Your instructions. Only one span is wanted from the lines below: from the one with "So that was" up to and including the one with "Here, except 0, all". Copy it exactly, without images.

Input material.
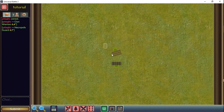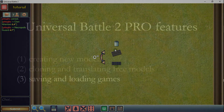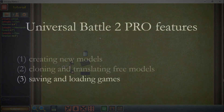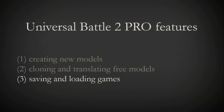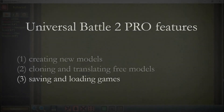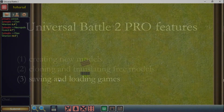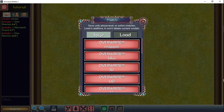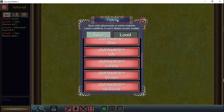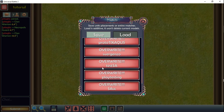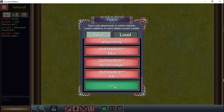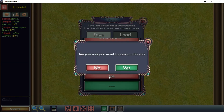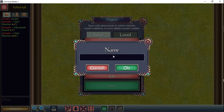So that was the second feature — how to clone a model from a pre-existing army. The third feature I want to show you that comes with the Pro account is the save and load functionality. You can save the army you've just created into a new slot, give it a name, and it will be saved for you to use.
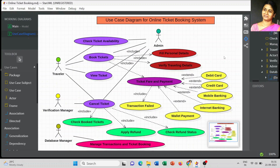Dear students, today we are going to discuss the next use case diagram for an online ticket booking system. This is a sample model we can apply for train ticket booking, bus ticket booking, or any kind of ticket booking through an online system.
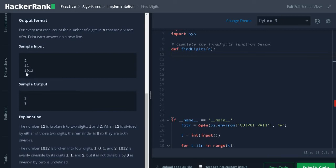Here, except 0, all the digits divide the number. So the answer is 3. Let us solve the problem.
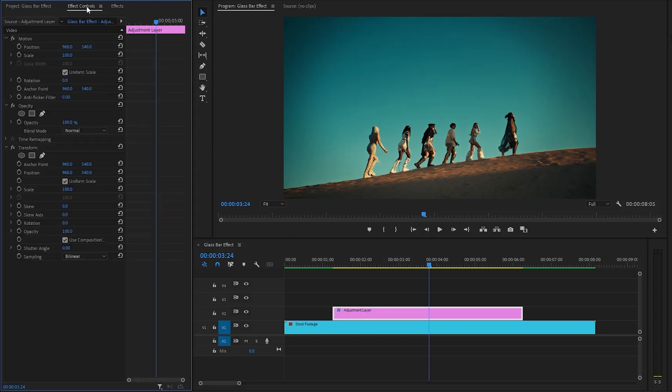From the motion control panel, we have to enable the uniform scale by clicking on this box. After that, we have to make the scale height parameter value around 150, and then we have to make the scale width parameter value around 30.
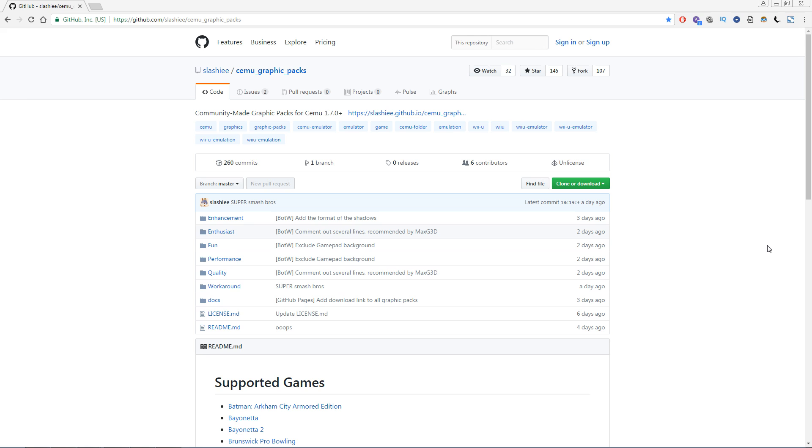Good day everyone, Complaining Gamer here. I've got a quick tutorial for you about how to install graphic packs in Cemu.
==
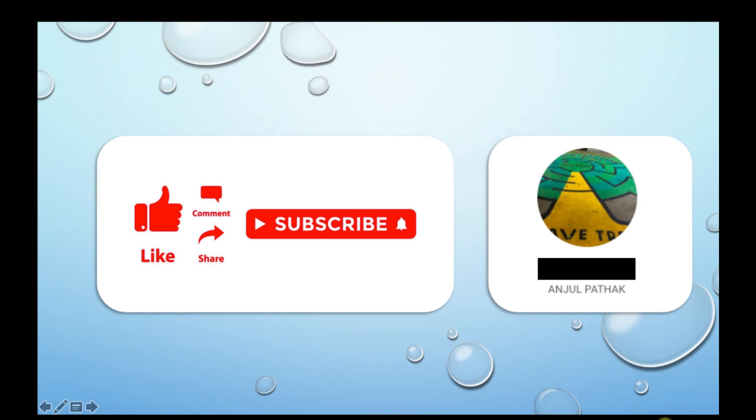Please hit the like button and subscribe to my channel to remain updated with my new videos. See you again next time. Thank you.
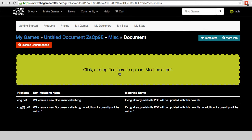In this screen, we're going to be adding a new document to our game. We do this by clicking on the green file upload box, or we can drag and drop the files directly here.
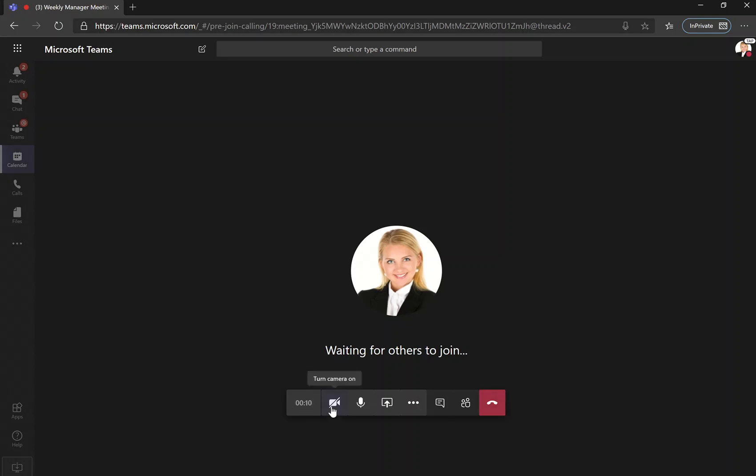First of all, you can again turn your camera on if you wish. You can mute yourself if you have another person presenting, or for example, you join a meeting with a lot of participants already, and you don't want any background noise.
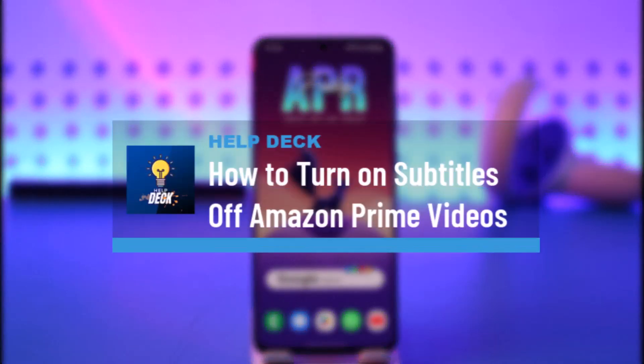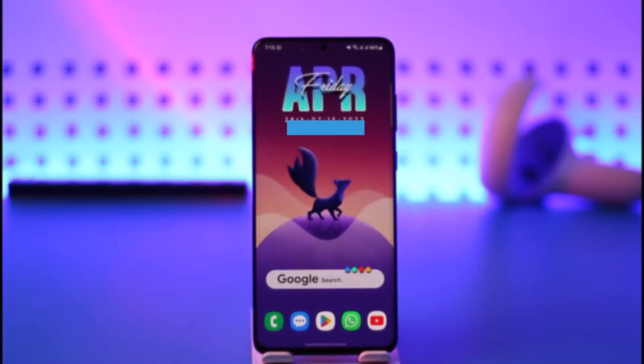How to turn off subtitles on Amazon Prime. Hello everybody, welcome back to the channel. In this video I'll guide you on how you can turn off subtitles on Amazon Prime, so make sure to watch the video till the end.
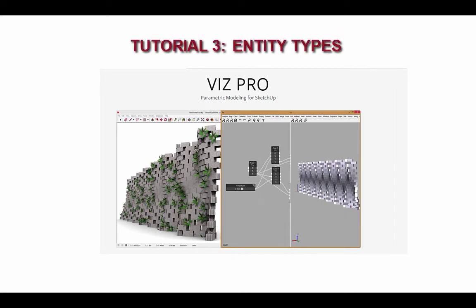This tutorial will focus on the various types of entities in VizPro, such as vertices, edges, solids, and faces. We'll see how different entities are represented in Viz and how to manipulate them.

Written answer.
So that was the second feature — how to clone a model from a pre-existing army. The third feature I want to show you that comes with the Pro account is the save and load functionality. You can save the army you've just created into a new slot, give it a name, and it will be saved for you to use.
Dear students, today we are going to discuss the next use case diagram for an online ticket booking system. This is a sample model we can apply for train ticket booking, bus ticket booking, or any kind of ticket booking through an online system.
Here, except 0, all the digits divide the number. So the answer is 3. Let us solve the problem.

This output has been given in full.